Mayoritas Masyarakat Tidak Setuju Pada Komunisme, ISIS, Ateis, dan Yahudi

Nasional | wartaekonomi | Jum'at, 24 Juni 2022 - 04:07
share

Lembaga survei Saiful Mujani Research and Consulting (SMRC) menemukan bahwa masyarakat memiliki tingkat intoleransi yang tinggi pada kelompok komunis (PKI), Negara Islam Irak dan Suriah (ISIS), lesbian, gay, biseksual, dan transgender (LGBT), ateis, dan Yahudi.

Hasil survei ini disampaikan pendiri SMRC, Prof. Saiful Mujani, dalam program Bedah Politik bersama Saiful Mujani episode Menoleransi LGBT, FPI, HTI, ISIS, dan Komunis? yang disiarkan melalui kanal YouTube SMRC TV, pada Kamis, 23 Juni 2022 dari Jakarta.

Ada tiga indikator toleransi yang diukur dalam penelitian ini. Pertama, toleransi di ranah sosial. Kedua, terkait dengan pekerjaan. Ketiga, menjadi pejabat publik.

Berdasarkan indikator tersebut, ditemukan 77 persen warga keberatan bertetangga dengan orang yang memiliki latar belakang PKI. Keberatan yang sama juga terjadi pada ISIS (72 persen), LGBT (68 persen), ateis atau orang yang tidak beragama (57 persen), dan Yahudi (51 persen).

Pada indikator toleransi yang kedua, pekerjaan, terdapat 81 persen warga yang keberatan jika orang yang berlatar belakang komunis atau PKI menjadi guru di sekolah negeri, 77 persen untuk LGBT, 77 persen untuk ISIS, 67 persen untuk ateis, dan 57 persen untuk Yahudi.

Sementara ada 83 persen yang menyatakan keberatan atau sangat keberatan jika orang yang berlatar belakang komunis atau PKI menjadi pejabat publik. Yang keberatan pada orang ISIS untuk menjadi pejabat publik sebesar 78 persen, LGBT 78 persen, ateis 71 persen, dan Yahudi 61 persen.
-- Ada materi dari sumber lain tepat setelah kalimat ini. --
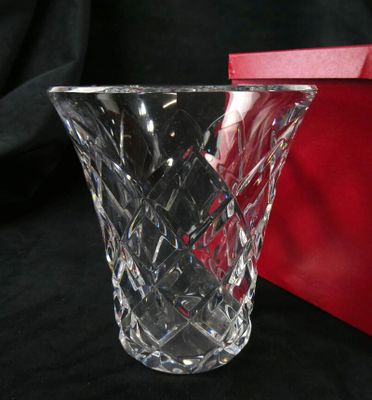 a glass vase sitting next to a red box on a table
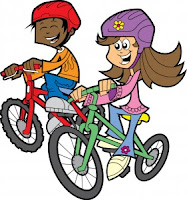 A boy and a girl riding a bikes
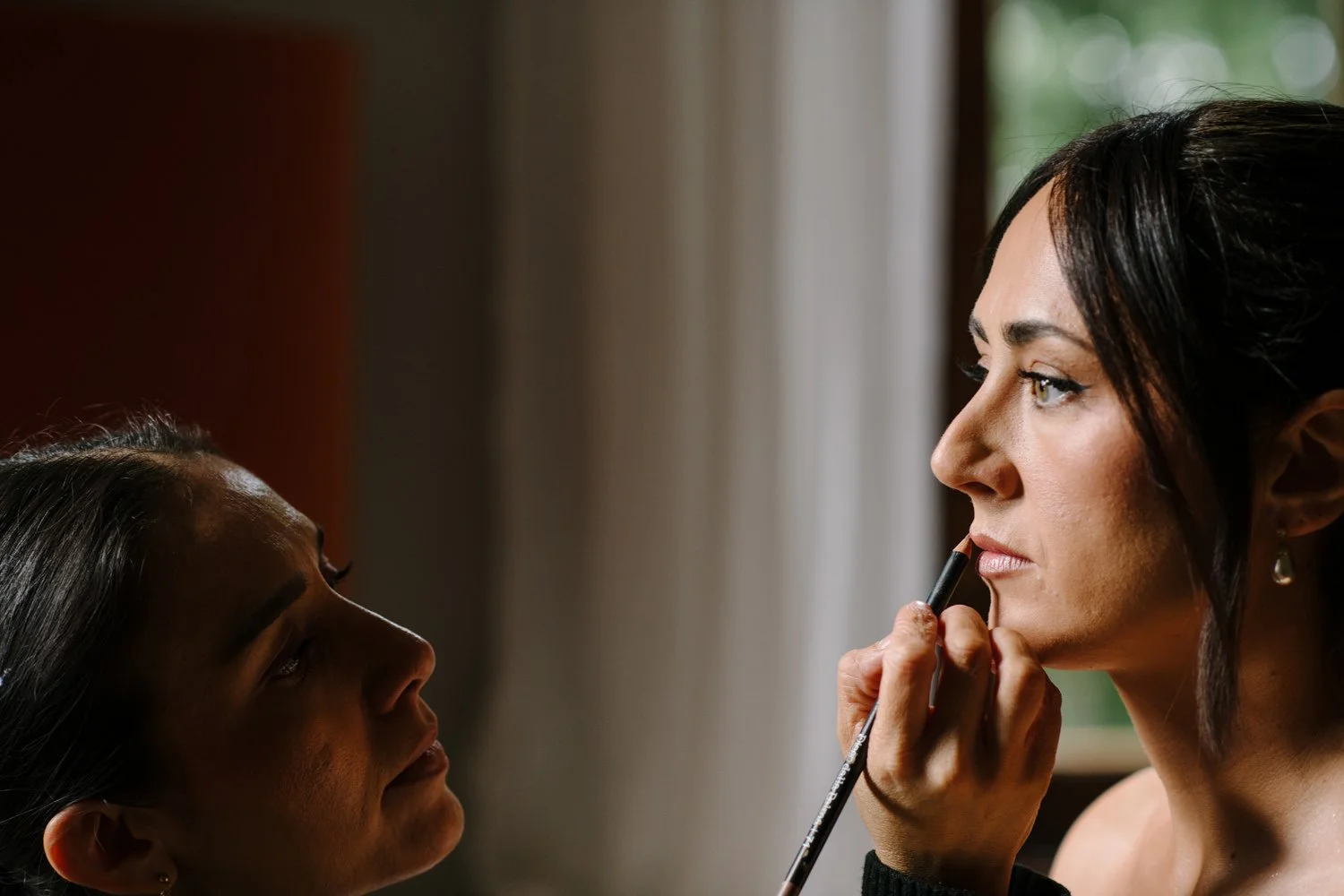 Bride during hair and makeup before her October wedding at Villa di Ulignano, photographed by FunkyBird
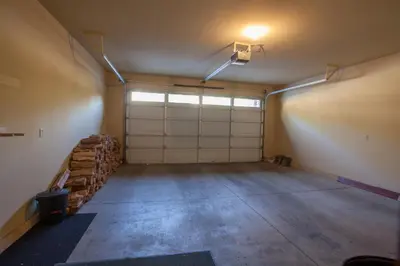 a garage with two garage doors and a pile of logs at Timbers # 1033 in Mammoth Lakes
"Toleransi secara umum dimaknai sebagai sikap individu terhadap pemikiran, identitas, dan keyakinan orang lain yang tidak kita setujui, namun orang itu diakui tetap punya hak-haknya sebagai warga negara," katanya menjelaskan soal definisi toleransi.

Saiful mencontohkan bahwa bisa saja dirinya memiliki pandangan atau ideologi politik tertentu, seperti komunisme. Walaupun memiliki ideologi yang berbeda, tapi dia tidak boleh dilarang untuk mendapatkan hak-haknya sebagai warga negara, hak untuk hidup, untuk mendapatkan pekerjaan, dan menjadi pejabat publik.

Untuk penyebab warga tidak toleran pada PKI atau komunis, menurut dia, karena hasil kampanye negara yang anti terhadap komunisme. Kalau untuk penolakan warga terhadap LGBT disebabkan pemahaman warga yang berbeda dan dianggap tercela.

Sedangkan intoleransi masyarakat terhadap Yahudi disebabkan karena Yahudi belum terdaftar sebagai agama resmi di Indonesia. Saiful melihat, sentiman anti-Yahudi sedikit banyak dibentuk oleh aspek institusional, legal atau peraturan-peraturan pemerintah yang terkait dengan itu.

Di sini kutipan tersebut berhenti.